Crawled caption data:
┄┄┄┄┄┄┄┄┄┄┄┄┄┄┄┄┄┄┄┄

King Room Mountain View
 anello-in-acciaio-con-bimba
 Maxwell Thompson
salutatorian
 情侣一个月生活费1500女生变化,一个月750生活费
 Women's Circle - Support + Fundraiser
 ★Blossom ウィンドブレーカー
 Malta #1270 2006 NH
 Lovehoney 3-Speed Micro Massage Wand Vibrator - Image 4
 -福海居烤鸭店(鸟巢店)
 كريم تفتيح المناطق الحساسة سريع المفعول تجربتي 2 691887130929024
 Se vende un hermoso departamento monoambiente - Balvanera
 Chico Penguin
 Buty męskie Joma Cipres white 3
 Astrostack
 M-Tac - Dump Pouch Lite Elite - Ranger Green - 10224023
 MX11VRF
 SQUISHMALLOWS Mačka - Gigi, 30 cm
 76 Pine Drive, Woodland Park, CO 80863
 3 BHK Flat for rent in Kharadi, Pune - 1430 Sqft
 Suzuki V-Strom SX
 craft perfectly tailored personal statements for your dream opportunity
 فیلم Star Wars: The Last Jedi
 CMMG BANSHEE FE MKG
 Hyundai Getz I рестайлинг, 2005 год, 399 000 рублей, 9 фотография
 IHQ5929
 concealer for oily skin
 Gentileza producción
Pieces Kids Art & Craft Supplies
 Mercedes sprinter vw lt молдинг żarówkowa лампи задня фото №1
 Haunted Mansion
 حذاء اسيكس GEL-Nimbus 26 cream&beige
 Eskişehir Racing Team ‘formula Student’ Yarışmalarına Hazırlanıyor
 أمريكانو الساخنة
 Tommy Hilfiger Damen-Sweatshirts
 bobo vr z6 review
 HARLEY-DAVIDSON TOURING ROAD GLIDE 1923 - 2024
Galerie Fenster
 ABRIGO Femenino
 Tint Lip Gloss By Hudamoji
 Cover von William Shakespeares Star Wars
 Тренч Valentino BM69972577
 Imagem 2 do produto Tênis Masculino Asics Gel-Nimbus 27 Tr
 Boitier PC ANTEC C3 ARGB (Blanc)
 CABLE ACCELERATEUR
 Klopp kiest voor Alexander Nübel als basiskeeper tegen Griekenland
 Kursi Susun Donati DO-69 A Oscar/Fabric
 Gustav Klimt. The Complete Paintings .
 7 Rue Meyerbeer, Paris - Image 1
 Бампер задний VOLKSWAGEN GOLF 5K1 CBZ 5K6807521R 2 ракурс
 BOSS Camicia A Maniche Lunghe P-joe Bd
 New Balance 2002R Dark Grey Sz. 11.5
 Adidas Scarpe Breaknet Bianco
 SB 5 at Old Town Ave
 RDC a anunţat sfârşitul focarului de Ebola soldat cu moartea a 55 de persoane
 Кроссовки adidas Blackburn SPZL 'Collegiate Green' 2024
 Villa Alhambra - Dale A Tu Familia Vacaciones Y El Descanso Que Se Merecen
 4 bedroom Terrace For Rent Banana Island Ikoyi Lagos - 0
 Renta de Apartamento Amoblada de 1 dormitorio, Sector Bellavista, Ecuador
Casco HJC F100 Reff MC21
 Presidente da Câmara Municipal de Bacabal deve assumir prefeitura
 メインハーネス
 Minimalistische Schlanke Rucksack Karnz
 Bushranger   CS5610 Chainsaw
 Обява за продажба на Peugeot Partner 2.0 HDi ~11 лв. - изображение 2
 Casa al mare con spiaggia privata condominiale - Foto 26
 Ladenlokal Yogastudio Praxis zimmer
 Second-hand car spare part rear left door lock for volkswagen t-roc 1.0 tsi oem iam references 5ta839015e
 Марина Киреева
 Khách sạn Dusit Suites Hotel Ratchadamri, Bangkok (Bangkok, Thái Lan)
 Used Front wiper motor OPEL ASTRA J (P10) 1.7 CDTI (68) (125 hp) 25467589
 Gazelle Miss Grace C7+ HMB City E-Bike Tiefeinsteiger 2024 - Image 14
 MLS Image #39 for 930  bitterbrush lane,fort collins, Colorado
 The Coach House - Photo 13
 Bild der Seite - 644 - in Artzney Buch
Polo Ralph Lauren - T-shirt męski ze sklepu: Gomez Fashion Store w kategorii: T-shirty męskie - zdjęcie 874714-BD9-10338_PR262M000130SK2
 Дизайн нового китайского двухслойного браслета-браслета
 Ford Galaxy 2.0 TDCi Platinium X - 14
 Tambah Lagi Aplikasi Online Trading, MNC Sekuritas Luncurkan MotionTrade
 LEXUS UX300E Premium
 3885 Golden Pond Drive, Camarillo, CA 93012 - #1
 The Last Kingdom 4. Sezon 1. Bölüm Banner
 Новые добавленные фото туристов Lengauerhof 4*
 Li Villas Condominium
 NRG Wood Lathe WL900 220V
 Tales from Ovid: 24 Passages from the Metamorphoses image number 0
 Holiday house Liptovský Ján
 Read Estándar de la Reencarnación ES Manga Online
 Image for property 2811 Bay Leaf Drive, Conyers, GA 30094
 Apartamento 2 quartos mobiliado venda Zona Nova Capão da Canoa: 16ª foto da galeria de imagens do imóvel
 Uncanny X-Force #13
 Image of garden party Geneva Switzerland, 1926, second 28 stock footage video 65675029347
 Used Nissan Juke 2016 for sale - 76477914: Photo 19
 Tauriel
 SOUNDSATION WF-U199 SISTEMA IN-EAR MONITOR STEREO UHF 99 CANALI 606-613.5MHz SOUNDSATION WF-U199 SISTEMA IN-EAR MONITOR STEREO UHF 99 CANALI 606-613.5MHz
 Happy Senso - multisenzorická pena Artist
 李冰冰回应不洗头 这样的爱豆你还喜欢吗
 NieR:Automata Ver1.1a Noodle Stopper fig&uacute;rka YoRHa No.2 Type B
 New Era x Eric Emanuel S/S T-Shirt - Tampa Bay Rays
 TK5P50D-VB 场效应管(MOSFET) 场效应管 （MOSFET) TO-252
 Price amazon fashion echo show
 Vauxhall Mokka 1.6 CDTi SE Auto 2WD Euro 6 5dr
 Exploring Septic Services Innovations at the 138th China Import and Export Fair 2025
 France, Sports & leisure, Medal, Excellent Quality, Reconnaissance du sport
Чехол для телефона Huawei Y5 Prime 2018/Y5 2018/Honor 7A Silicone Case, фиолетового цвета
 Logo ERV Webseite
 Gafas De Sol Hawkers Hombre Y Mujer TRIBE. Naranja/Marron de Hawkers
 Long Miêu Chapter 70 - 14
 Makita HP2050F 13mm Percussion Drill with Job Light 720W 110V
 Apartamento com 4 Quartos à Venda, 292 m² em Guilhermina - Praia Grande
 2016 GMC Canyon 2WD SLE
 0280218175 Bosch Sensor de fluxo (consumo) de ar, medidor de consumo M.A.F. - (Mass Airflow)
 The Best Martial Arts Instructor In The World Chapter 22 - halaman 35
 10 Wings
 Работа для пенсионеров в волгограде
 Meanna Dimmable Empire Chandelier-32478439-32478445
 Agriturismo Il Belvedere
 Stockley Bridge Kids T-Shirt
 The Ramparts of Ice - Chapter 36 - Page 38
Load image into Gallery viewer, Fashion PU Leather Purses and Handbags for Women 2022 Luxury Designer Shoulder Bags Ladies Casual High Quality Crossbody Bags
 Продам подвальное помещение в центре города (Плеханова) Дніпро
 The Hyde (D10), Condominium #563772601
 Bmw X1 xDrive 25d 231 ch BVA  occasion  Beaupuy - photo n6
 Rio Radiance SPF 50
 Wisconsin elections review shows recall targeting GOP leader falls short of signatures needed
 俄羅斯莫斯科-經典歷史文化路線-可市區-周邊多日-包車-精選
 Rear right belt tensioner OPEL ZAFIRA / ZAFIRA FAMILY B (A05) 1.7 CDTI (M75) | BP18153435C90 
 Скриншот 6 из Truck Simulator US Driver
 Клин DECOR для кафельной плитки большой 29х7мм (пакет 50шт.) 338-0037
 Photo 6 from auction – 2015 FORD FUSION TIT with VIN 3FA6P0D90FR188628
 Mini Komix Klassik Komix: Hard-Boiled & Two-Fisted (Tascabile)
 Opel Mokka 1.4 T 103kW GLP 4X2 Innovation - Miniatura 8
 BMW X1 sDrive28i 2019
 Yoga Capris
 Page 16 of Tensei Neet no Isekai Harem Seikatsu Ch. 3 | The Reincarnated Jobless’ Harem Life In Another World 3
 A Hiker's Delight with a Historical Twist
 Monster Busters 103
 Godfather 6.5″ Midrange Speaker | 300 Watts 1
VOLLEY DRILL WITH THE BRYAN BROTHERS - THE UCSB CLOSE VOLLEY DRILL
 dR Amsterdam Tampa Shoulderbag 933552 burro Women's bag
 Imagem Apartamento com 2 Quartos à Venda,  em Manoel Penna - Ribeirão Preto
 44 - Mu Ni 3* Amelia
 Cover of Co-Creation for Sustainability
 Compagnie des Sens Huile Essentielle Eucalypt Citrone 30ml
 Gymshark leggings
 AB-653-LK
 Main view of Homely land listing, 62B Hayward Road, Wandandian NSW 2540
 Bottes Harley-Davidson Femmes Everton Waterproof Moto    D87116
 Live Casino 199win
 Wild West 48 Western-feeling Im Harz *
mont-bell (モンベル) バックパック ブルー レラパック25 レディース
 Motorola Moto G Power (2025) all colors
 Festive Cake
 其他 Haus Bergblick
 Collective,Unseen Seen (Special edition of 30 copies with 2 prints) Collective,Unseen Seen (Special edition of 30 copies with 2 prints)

┄┄┄┄┄┄┄┄┄┄┄┄┄┄┄┄┄┄┄┄

▸ **EXERCISE PROMPT**: Take the lines above from the one containing "TK5P50D-VB 场效应管(MOSFET) 场效应管 （MOSFET) TO-252" down to the one containing "The Ramparts of Ice - Chapter 36 - Page 38", and transcribe them exactly, both ends included.

▸ **ANSWER BOX**:
 TK5P50D-VB 场效应管(MOSFET) 场效应管 （MOSFET) TO-252
 Price amazon fashion echo show
 Vauxhall Mokka 1.6 CDTi SE Auto 2WD Euro 6 5dr
 Exploring Septic Services Innovations at the 138th China Import and Export Fair 2025
 France, Sports & leisure, Medal, Excellent Quality, Reconnaissance du sport
Чехол для телефона Huawei Y5 Prime 2018/Y5 2018/Honor 7A Silicone Case, фиолетового цвета
 Logo ERV Webseite
 Gafas De Sol Hawkers Hombre Y Mujer TRIBE. Naranja/Marron de Hawkers
 Long Miêu Chapter 70 - 14
 Makita HP2050F 13mm Percussion Drill with Job Light 720W 110V
 Apartamento com 4 Quartos à Venda, 292 m² em Guilhermina - Praia Grande
 2016 GMC Canyon 2WD SLE
 0280218175 Bosch Sensor de fluxo (consumo) de ar, medidor de consumo M.A.F. - (Mass Airflow)
 The Best Martial Arts Instructor In The World Chapter 22 - halaman 35
 10 Wings
 Работа для пенсионеров в волгограде
 Meanna Dimmable Empire Chandelier-32478439-32478445
 Agriturismo Il Belvedere
 Stockley Bridge Kids T-Shirt
 The Ramparts of Ice - Chapter 36 - Page 38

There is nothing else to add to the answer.